Thankfully, the production team behind No Time to Die has done the socially responsible thing and offered the public a sense of transparency by revealing the answer. A staggering 8,400 gallons of Coca-Cola were sprayed on the ground during the making of the film, the 25th installment in the James Bond franchise. Adding to the inherent weirdness of this statement is the fact that it was all done to pull off a single stunt.
Lee Morrison, the stunt head on No Time to Die, told Total Film magazine (via NME) that the stunt involved outgoing James Bond actor Daniel Craig's double Paul Edwards riding a motorcycle, hitting a ramp, and landing on a cobblestone street. Craig himself was the one who figured out a way to make that all happen, and it sounds like pretty regular 9-to-5 stuff for the MI-6 agent with the most hours logged in mandatory HR meetings. As with most motorcycle jumps, though, the real trick was getting the vehicle to land on the ground without trashing the stunt performer's skeletal integrity. Complicating matters was the fact that cobblestone streets have a reputation for getting treacherously slippery. Thus, the No Time to Die crew looked for reliable ways to add some friction to the road. And that's where Coca-Cola came in.
Coca-Cola helps Bond stick the landing in No Time to Die
Chatting with Total Film for the magazine's No Time to Die cover story, Morrison described the process of giving the infrastructure of southern Italy a Coke and a smile. "I spent nearly €60,000 spraying Coca-Cola around Matera," he said. "I've been spraying Coca-Cola on slippery surfaces for a very long time."
€60,000, or around $71,000 USD, bought the production the estimated 8,400 gallons of Coke necessary to sufficiently sticky-up the cobblestones, and the stunt appears to have gone off without a hitch. Plus, as Morrison later shared, the soft drink "makes things look very clean after it washes off."
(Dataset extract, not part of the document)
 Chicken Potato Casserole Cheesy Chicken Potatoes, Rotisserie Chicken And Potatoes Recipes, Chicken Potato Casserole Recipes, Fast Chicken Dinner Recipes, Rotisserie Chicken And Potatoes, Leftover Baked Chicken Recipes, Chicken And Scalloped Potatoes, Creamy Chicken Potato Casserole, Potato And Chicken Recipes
Dropping more than most people make in a year on a beverage that was literally dumped on the ground also gives audiences an idea of how No Time to Die became the most expensive James Bond movie to date (via The Hollywood Reporter). There's been no word so far on how the small Italian community went on to deal with the millions of hornets that presumably descended on the city afterwards, but one can only hope that the crew washed away the tanker truck-worth of soda using an equally enormous amount of Mentos.
After suffering repeated delays in the face of theater closures in most American markets, No Time to Die is tentatively scheduled for an April 2021 release.